視聴率とTwitterの関係解析 ―「Twitter TV エコー」データ分析より―

「視聴率とTwitterに相関はあるのですか?」「ツイートを増やすと視聴率も上がるのですか?」
この質問に対して、我々は両者の関係解析に取り組み、高齢層より若年層、投稿よりインプレッション(表示)、ニュースではなくドラマやバラエティなどのコンテンツ番組で関係性が相対的に強いという傾向を確認しました。インプレッションの少ない番組は徐々に視聴率が下降、インプレッションが多い番組は上昇という事例も得ています。

視聴率を1%上げるには、日本全体で約100万人の新規視聴者を呼び込む必要があると試算できます(※1)。相関関係への質問は、一般的なプラットフォームとして定着したTwitterであればこそ可能な影響力としての期待という側面もあると思いますが、視聴率と同様ツイッターが毎日機械的に収集可能なデータであることからも、その数値的関係性に注目があつまっているのだと想像できます。

我々がここで実施した相関解析は、テレビ視聴行動とTwitter利用の関係を直接視聴者に確認した結果ではありません。「Twitter TV エコー」から得られた番組に関するツイートの会話量全体と、関東地区という一部地域の番組視聴率という視聴行動の数値関係を明らかにしたに過ぎません。これまで不可能であった人々の会話をリアルタイムにデータ化でき、世の中の意思の一部を垣間見ることができるところがTwitterデータの魅力のひとつです。Twitterと視聴率に関係性が認められるということは、Twitterを通して世の中のテレビ番組に対する会話の一端を確認しながら、全体の視聴動向を把握できるということに他ならないと我々は考えています。

(※1)日本の総世帯数を5千万とすると、視聴率1%は約50万世帯。平均視聴時間を50%とすると、2倍の100万世帯の視聴が必要。新規視聴は1世帯に1人であると仮定。

高齢層より若年層で、視聴率とツイートは高い相関関係

~性・年代別番組平均視聴率とインプレッション(表示)ユーザー数の相関係数~
(番組平均世帯視聴率16%未満対象)

性・年代別 番組平均視聴率とインプレッション(表示)ユーザー数の相関係数 グラフ

統計的手法を用い、2014年10月クールの全20,683番組での視聴率とインプレッションユーザー数(表示)の相関関係を算出すると、世帯視聴率で単相関係数0.333という結果です。

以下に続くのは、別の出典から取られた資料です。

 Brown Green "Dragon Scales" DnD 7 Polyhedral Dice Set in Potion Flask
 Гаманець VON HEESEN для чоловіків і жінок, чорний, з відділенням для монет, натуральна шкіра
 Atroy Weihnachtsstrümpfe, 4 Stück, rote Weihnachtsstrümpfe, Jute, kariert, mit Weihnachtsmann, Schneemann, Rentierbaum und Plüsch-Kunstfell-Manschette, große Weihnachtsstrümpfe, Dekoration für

個人視聴率との相関では、F1(女性20~34才)で0.408、T(男女13~19才)で0.405 、F2(女性35~49才)で0.398と高く、逆にM3(男性50才以上)で0.157 、F3(女性50才以上)で0.193と低くなっています。Twitterの中心ユーザーである若年層では関係性がみられますが、高齢層では関係性が確認できないと解釈することができます。男女15-29才では、0.422という更に高い相関係数を得ることができます。

※2014.9/29-12/28、ビデオリサーチ「関東地区世帯・個人視聴率」「Twitter TV エコー」データより

※全20,683番組(1放送回を1番組として)  

※C=男女4-12才、T=男女13-19才、M1=男20-34才、M2=男35-49才、M3=男50才以上(F=女)、MF18-34=男女18-34才、MF15-29=男女15-29才  

※いずれもp<.01  

※インプレッションユーザー数は個人別ではなく、全体の数値

投稿よりもインプレッション(表示)において、 視聴率とツイートは高い相関関係

~番組平均視聴率とインプレッション(表示)ユーザー数およびツイート投稿数の相関係数比較~
(番組平均世帯視聴率16%未満対象)

番組平均視聴率とインプレッション(表示)ユーザー数およびツイート投稿数の相関係数比較 グラフ

視聴率と「ツイート投稿数」の相関関係は、男女15~29才でも単相関係数0.265と高くない結果です。世帯では0.184、M3(男性50才以上)では0.067とかなり低い数値です。

これまで、我々は視聴率とTwitterの関係性について肯定的な回答をすることができませんでしたが、「Twitter TV エコー」で初めて算出可能となったインプレッション(表示)を用いることで、視聴率との関係性が部分的に見える結果を得ることができました。「ツイートの投稿」は一部コアファンの“行動”を捉える側面が強く、「視聴率」という全体に対する“視聴者の量”を表す数値との関係は、「インプレッション(表示)」というツイートの“拡散”を捉えるものと連動するということが分かりました。視聴者の量を増やすには、熱心なファンを獲得することよりも、多くの人に番組のことを知ってもらうことが重要という言い方もできるのではないでしょうか。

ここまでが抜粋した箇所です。